Yes I think you can. We didnt bother there but used the bike to go up the road to Ascona in Switzerland from Cannobio in ITaly. Ascona is lovely.

If you get to Lake Como there are loads of ferries there and a trip to Bellagio is a must. The ferry timetables are beyond comprehension. There is quite a funny story about them in our blog and how we managed to hijack the presidential motorcade when looking for the campsite in Menaggio!


----------



## bermbasher (Mar 11, 2011)

*Italy*

Hi 
We had a month in Italy last year, left uk on the 26th August returned end of sept, it was unbelievable, first time there totally amazing, we never booked a site, had a bit of a plan, we went down through Switzerland,started of at camping parisi on lake maggiore, right on the lake, lovely town Baveno you can walk into.
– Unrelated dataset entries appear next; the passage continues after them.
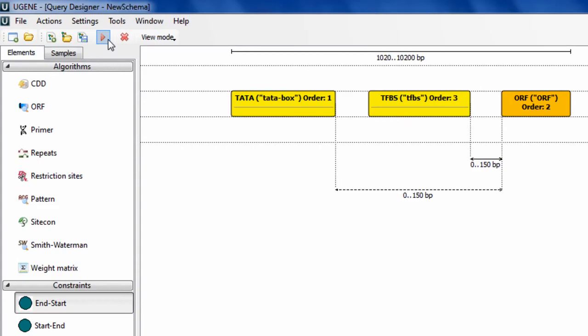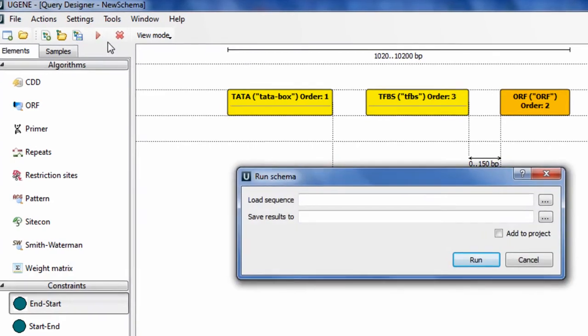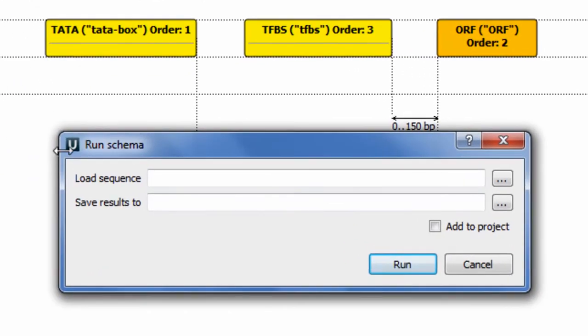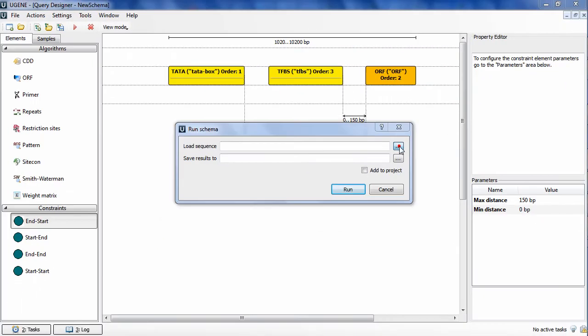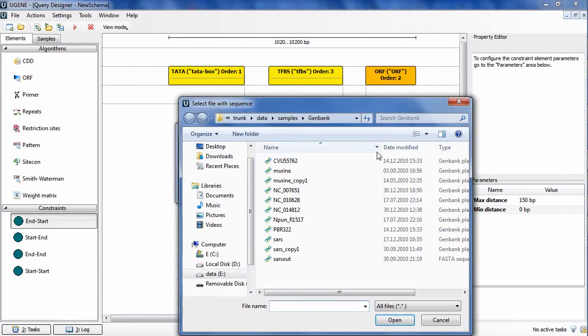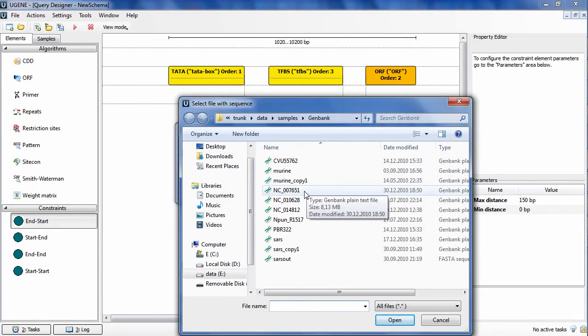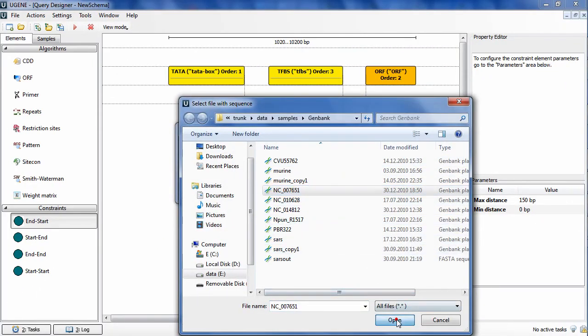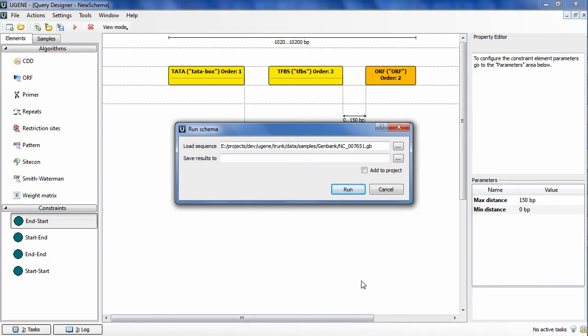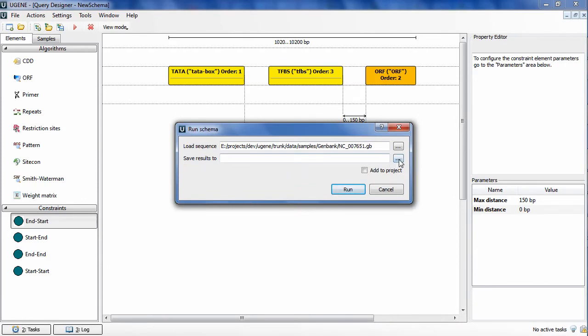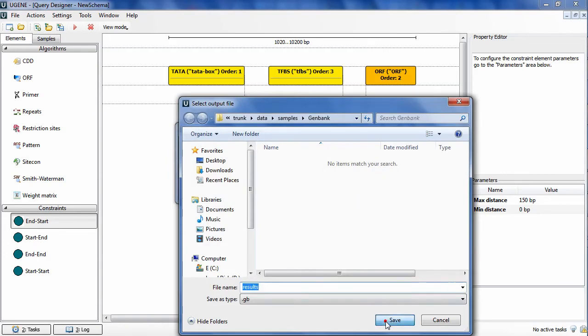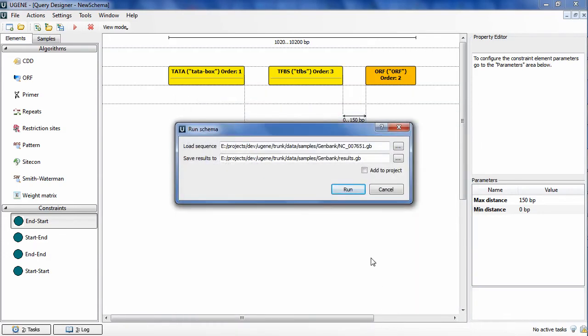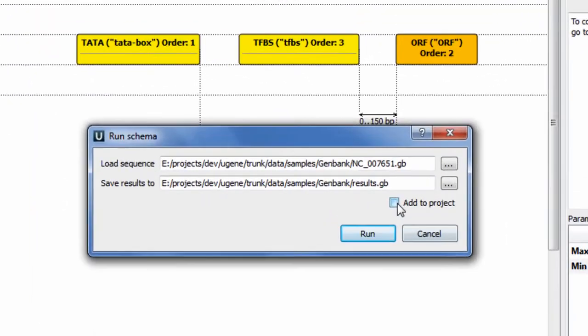I press Run Schema. Before the schema is executed, I need to select the sequence to search through. Also, I need to specify the Genbank file to save the resulting annotations into. By checking the Add to Project checkbox, I will be able to see the search results right after the search is done.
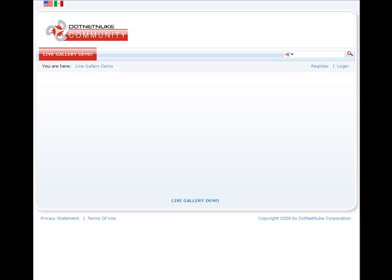Hi, this is Mandeep Singh, founder of Mandeep's.com, and in this video we'll be demonstrating our new live gallery module. So let's get started.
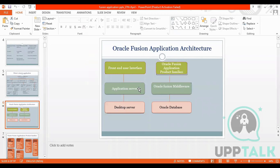Fusion Application Architecture has a Front User Interface, Application Server, and Database Server. The Front User Interface is the UI part; the Application Server is the back end — somewhere between the front end and the back end; and the Database Server handles the front-end UI part.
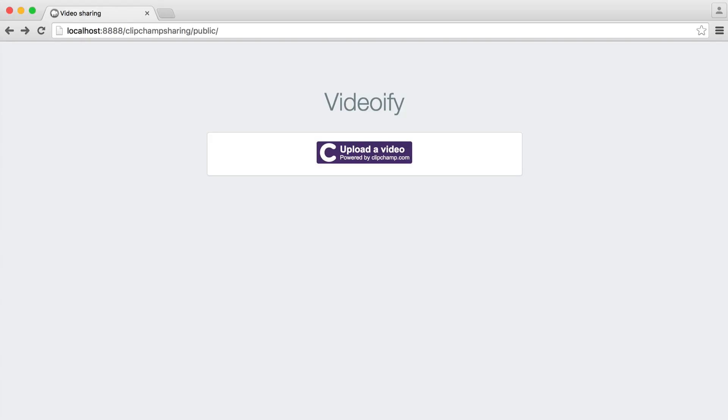Now that we know how to set Clipchamp up, we're going to look at building a very small video sharing project. And this is really easy to implement.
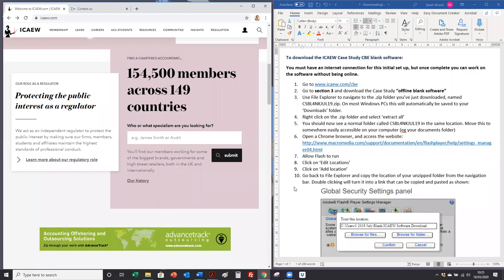In this video we're going to show you how to download the ICAW case study CBE blank software. You must have an internet connection for this initial setup, but once complete you can work on the software without being online.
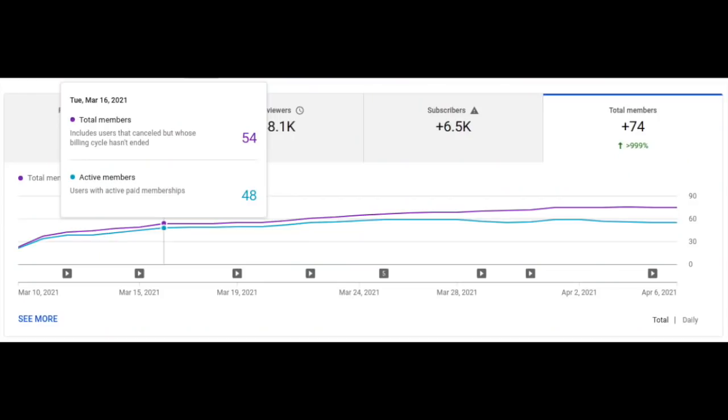When creators come to us and talk about memberships, they typically ask: how do my memberships evolve over time? Which of my videos helped me win or lose more members than usual? And does it help if I remind my audience to become paying members? To facilitate answers to those questions, we've created a members tab within the audience page in YouTube analytics, which will show you the total as well as active number of members.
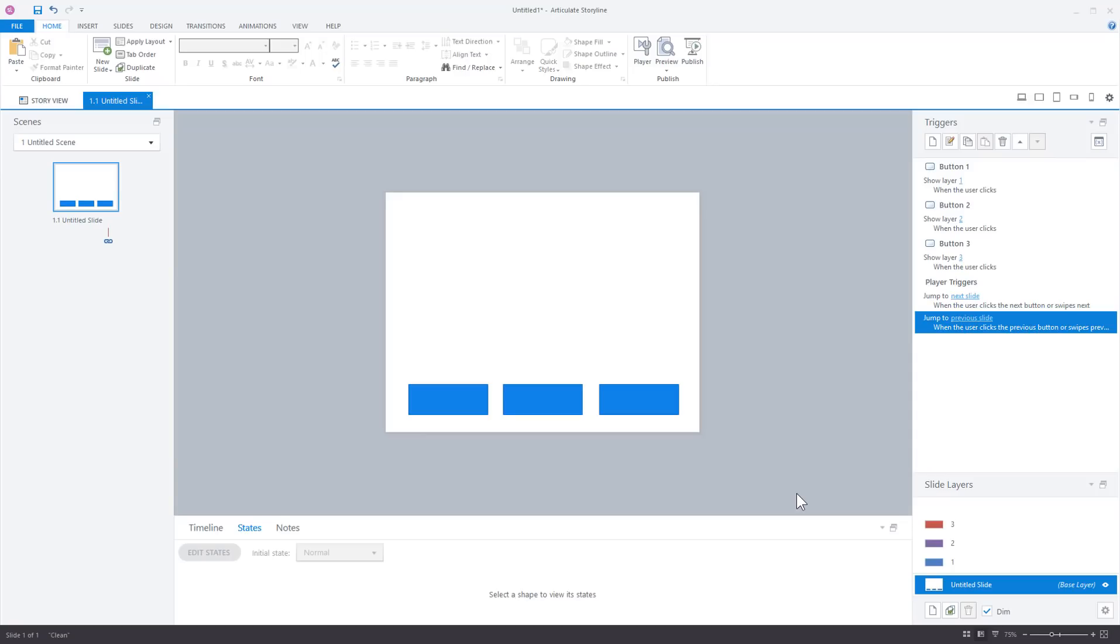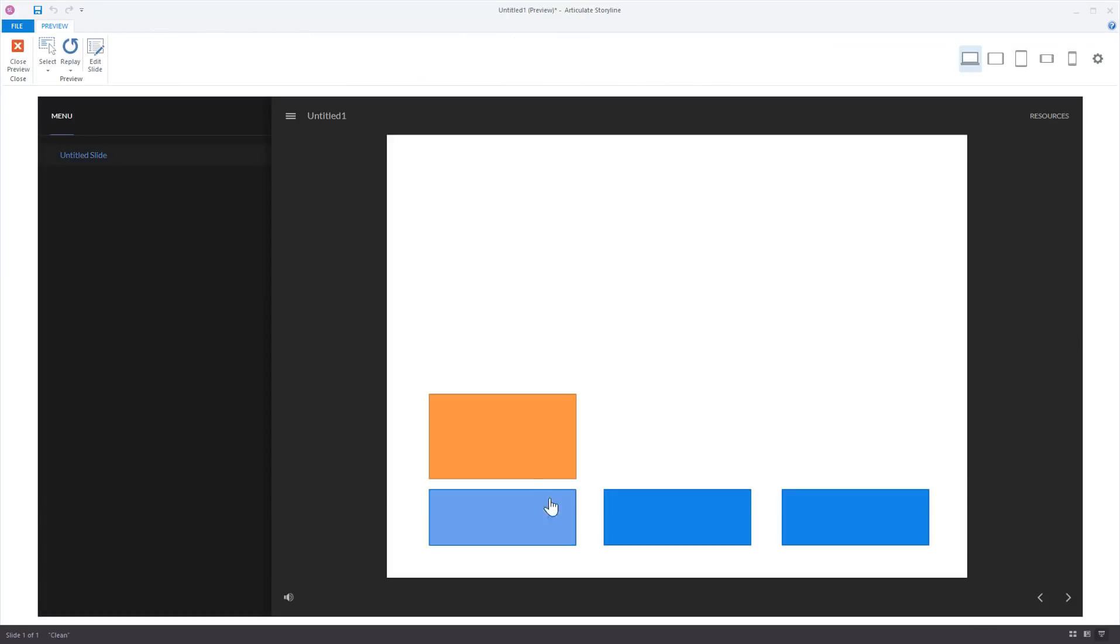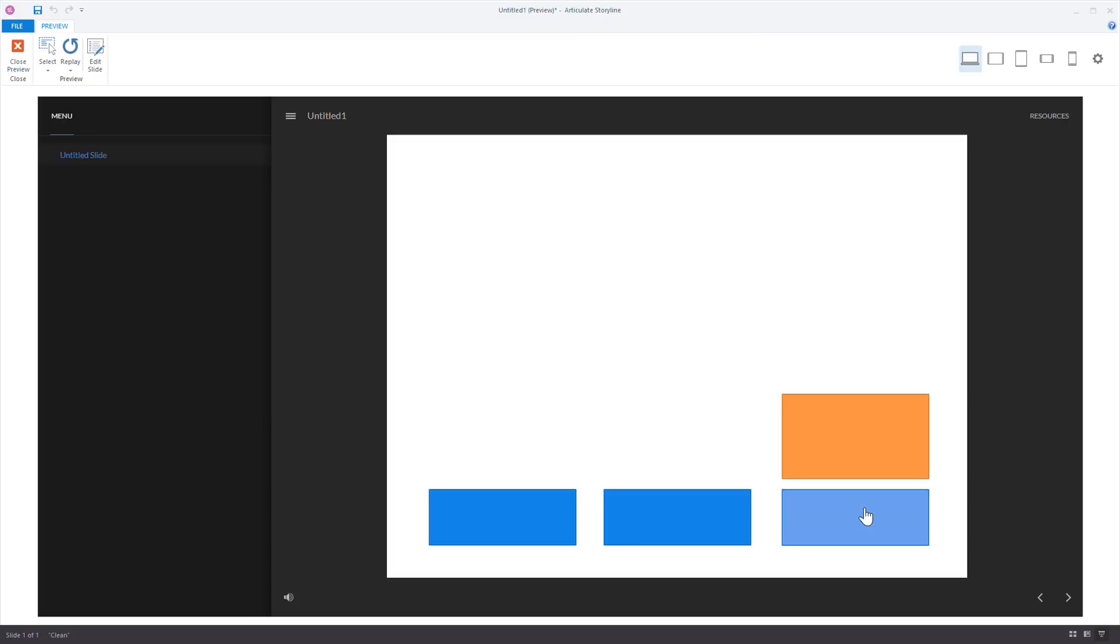Here's the question that came up with the community. It's kind of a common question. If I have an object, how do I keep it on top? So in this case we've got these buttons here. Let's go ahead and preview this. We have these buttons and they link to different slides. So these buttons are on the base layer, and they actually link to layers.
Eventually got to Garda plan was to get to Venice! Never made it but will next time, it was all just so beautiful we couldn't make ourselves move on, the water, sunshine, was all to much for us, so headed slowly home via lake orta, again lovely,
All this and we never paid more than €15 a night thanks to acsi.
Heade home via the French alps stopping of at bourg de oisans and Beaune.
So go for it you'll love it don't be surprised though if you don't do all you planned

Enjoy


----------



## chickann (Sep 17, 2010)

*Head Spinnin Even More Now*

have been looking at all the different routes to take getting to Italy. OMG am really confused now, have found these
from disneyland paris-troyes-besancon-bern-simplon pass on a train? not sure if we are to big to go on that though, we are 3.5tn but cant find anything about height restrictions then onto lake orta.
or
troyes-dijon-lausanne-simplon pass driving-lake orta
and was thinking of returning from lake maggiore-turin-susa pass and then make our way up through france.
any advise would be great. would be nice to avoid certain tolls and expensive tunnel prices

many thanks

ann


----------



## Steveboy (Jun 1, 2011)

*Here N There*

driving overnight....12 days......loads of far apart places ..... recipe for disaster or divorce in my opinion. Slow down a bit..... pick one place you really want to see....SEE it .... have maybe 2 other places as back up if number one place has'nt slowed the mind down enough.


----------



## barryd (May 9, 2008)

Simplon pass is more than big enough for a motorhome. Plenty of wagons go up it. Good wide road, just remember to use your gears on the way down as much as possible as our brakes did fade coming down in 2009.


----------